>>>

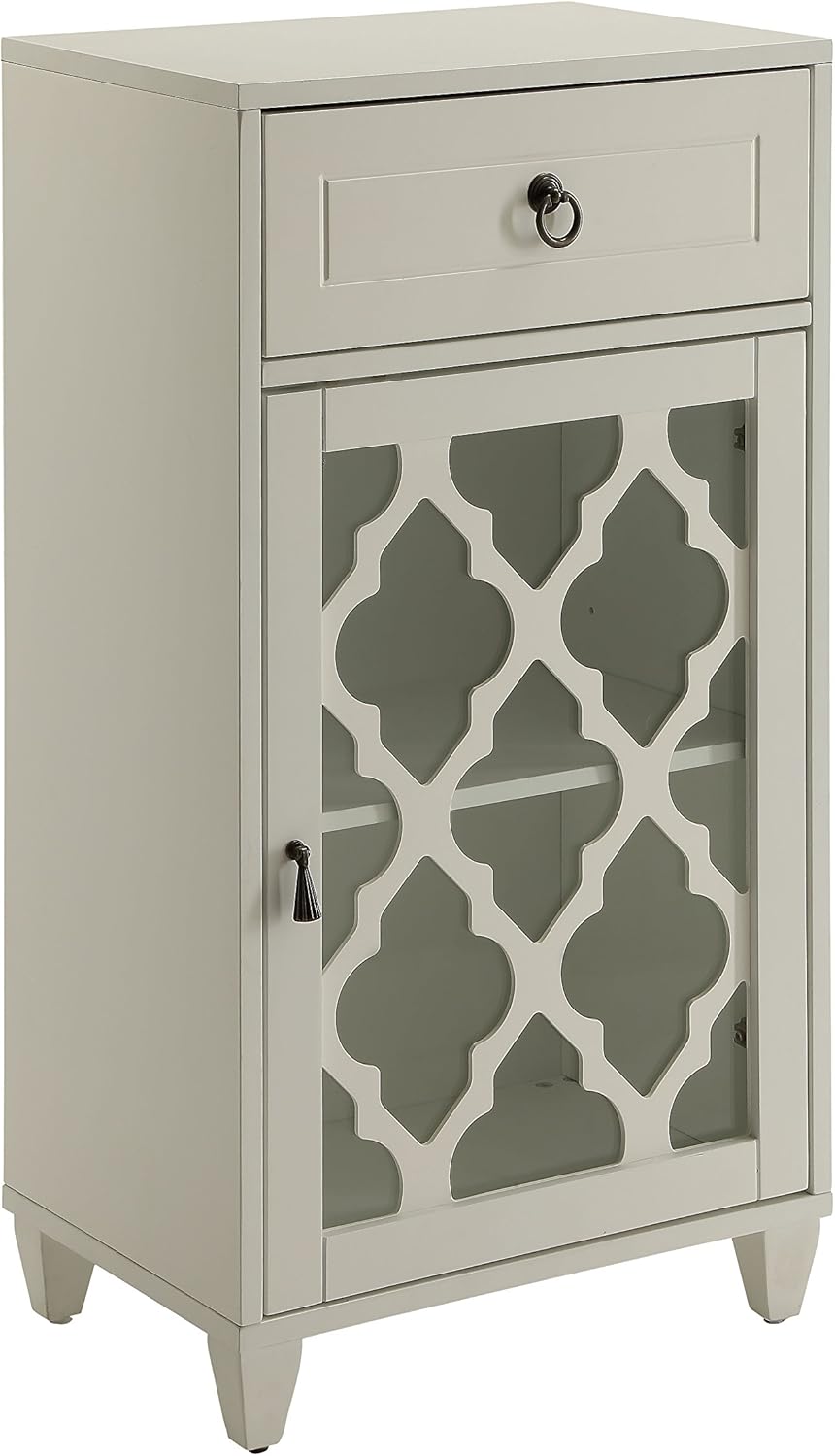 White Floor Cabinet O269481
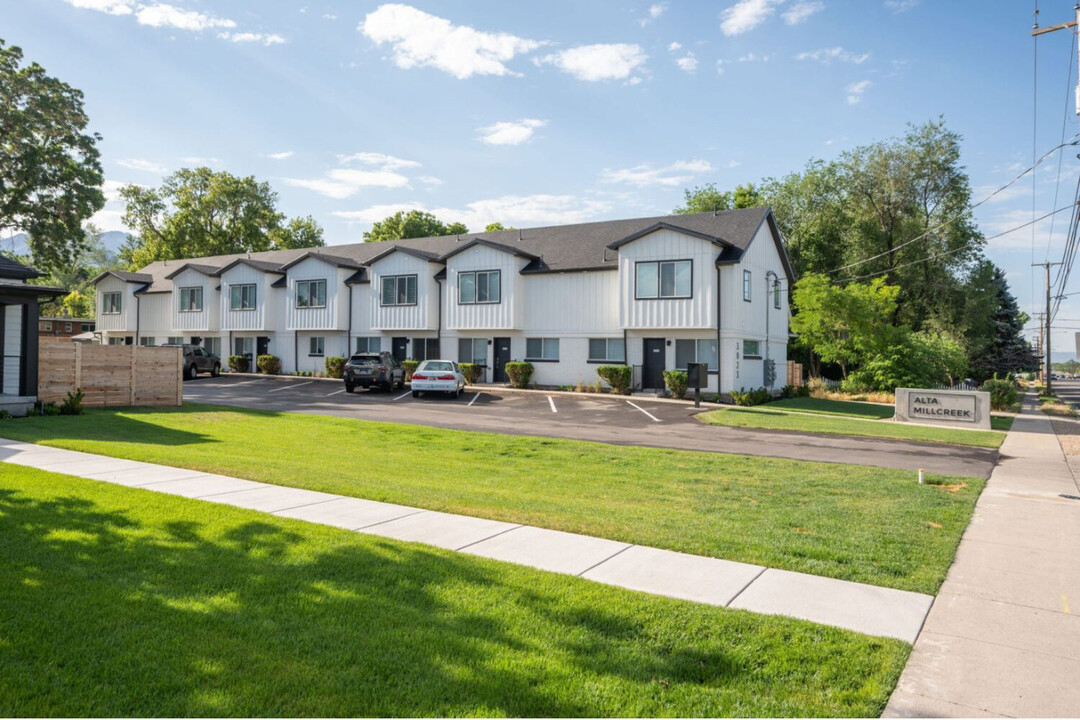 The Franklyn Apartments in Salt Lake City, UT - Foto de edificio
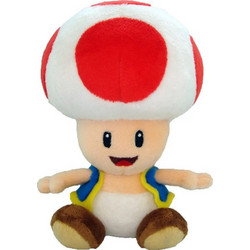 Sanei Super Mario Toad 17cm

<<<

» Task description:
Only the pictures are to be left out; the rest of the material above should be printed verbatim.

» Response below:
 White Floor Cabinet O269481
 The Franklyn Apartments in Salt Lake City, UT - Foto de edificio
 Sanei Super Mario Toad 17cm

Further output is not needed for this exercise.